Social Vulnerability
The Community Resilience Estimates is a Census product that indicates the level of social vulnerability in a tract. Components include eight measures of topics such as poverty, age, and disability. The NSI 2026 reports the 2024 CRE tract estimates of the percentage of households with three or more factors as well as a percentile ranking of the tract’s three measure percentage.
Impact on Risk Analyses
Because structure inventories represent the at-risk people and property in consequence assessments, the changes to the NSI base layer may influence risk analyses and characterizations. However, it is not possible to say, in the abstract whether the changes will increase or decrease consequence outcomes. At the national level, exposure has generally increased from the NSI 2022. This is partly because of price level changes and population growth, but it also stems from the NSI having a higher success rate of identifying at-risk buildings and occupants.
However, many counties saw a decrease in exposed structure values and populations. This reflects population loss and degrowth in some cases, but it also represents a decrease in false positives and duplicated square footage estimates.
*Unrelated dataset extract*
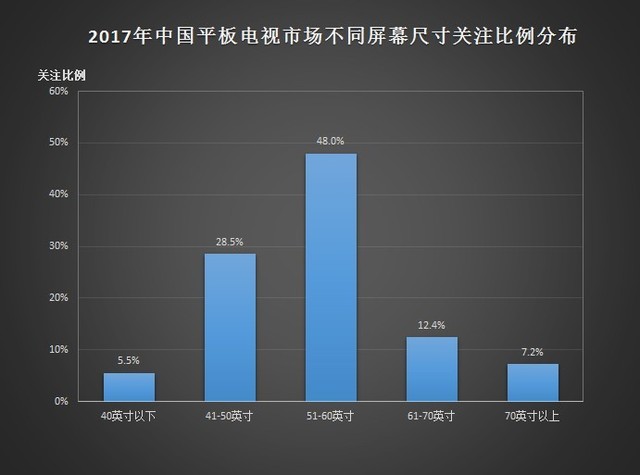 科技巨幕視覺(jué)盛宴，電視機(jī)屏幕尺寸概覽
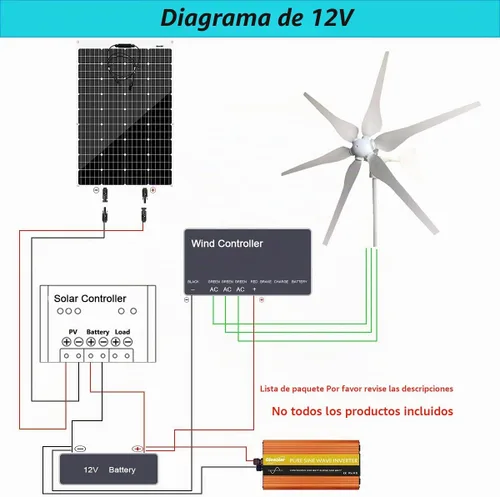 Vista 2 de Kit de energía solar eólica de 200 W, sistema híbrido fuera de la red para carga de batería de 12 V: generador de turbina eólica de 100 W + panel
Users can view the descriptive statistics and analysis of county, state, and national level changes in the NSI Statistical Summary page.
Caveats
Comparing with previous NSI Versions
Due to the numerous methodological changes, it is generally inappropriate to infer that differences between NSI 2026 and earlier versions is due to growth or decline of a region. Time series analyses with the NSI is not recommended.
Remaining Limitations
Known issues and limitations remain with the NSI 2026. These include unavoidable issues, such as data inputs lagging reality, simplifying assumptions, and inconsistent coverage of structure level information as well as methodological issues that will be addressed in future versions. These issues are discussed further in the FAQ and Common Issues Documentation.
NSI is not intended for legal or regulatory determinations or for analyses requiring precise structure-level accuracy. It is designed as a baseline inventory for screening-level and regional analyses. Users are expected to review, validate, and refine the data as needed for their specific application. NSI estimates are generally more reliable at larger spatial scales, where regional assumptions and distributions better reflect aggregate conditions.